Define a sequence $< a_n > _{n\geq0}$ by $a_0 = 0$, $a_1 = 1$ and
$$a_n = 2a_{n - 1} + a_{n - 2},$$
for $n\geq2.$

$(a)$ For every $m > 0$ and $0\leq j\leq m,$ prove that $2a_m$ divides
$a_{m + j} + ( - 1)^ja_{m - j}$.

$(b)$ Suppose $2^k$ divides $n$ for some natural numbers $n$ and $k$. Prove that $2^k$ divides $a_n.$

Number Theory
Medium
##### Suggested Book
Problem Solving Strategies by Arthur Engel

Do you really need a hint? Try it first!

For (a), use strong induction on $j$.
The recurrence has the characteristic equation $x^2-2x-1=0$ (see this post for details).
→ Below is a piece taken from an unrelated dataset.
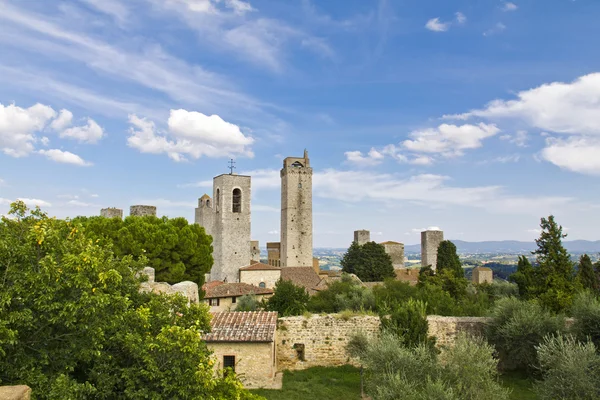 San Gimignano — Fotografia de Stock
This has two distinct roots, $1\pm\sqrt{2}$. Hence the general solution is of the form $y_n=a(1+\sqrt{2})^n+b(1-\sqrt{2})^n$.
Solving for $a,b$, we get $$a_n=\frac{(1+\sqrt{2})^n-(1-\sqrt{2})^n}{2\sqrt{2}}$$. Suppose that $2^k\;|\; n$, i.e. $n=2^kj$ for some $j$. Now it suffices to show that $\frac{a_n}{2^k}=$ $$\frac{(1+\sqrt{2})^{2^kj}-(1-\sqrt{2})^{2^kj}}{2^{k+1}\sqrt{2}}$$ is an integer. Use induction on $k$ to prove this.
Note that the given expression is equivalent to $\frac{(1+\sqrt{2})^{2^{k-1}j}+(1-\sqrt{2})^{2^{k-1}j}}{2}\cdot \frac{(1+\sqrt{2})^{2^{k-1}j}-(1-\sqrt{2})^{2^{k-1}j}}{2^k\sqrt{2}}$. By induction, it suffices to show that $\frac{(1+\sqrt{2})^{2^{k-1}j}+(1-\sqrt{2})^{2^{k-1}j}}{2}$ is an integer. Write $b_n=\frac{(1+\sqrt{2})^{n}+(1-\sqrt{2})^{n}}{2}$. Note that $b_n$ satisfies $b_n=2b_{n-1}+b_{n-2}$ hence it suffices to prove that $b_0$ and $b_1$ are both integers. As $b_0=1=b_1$, we are done.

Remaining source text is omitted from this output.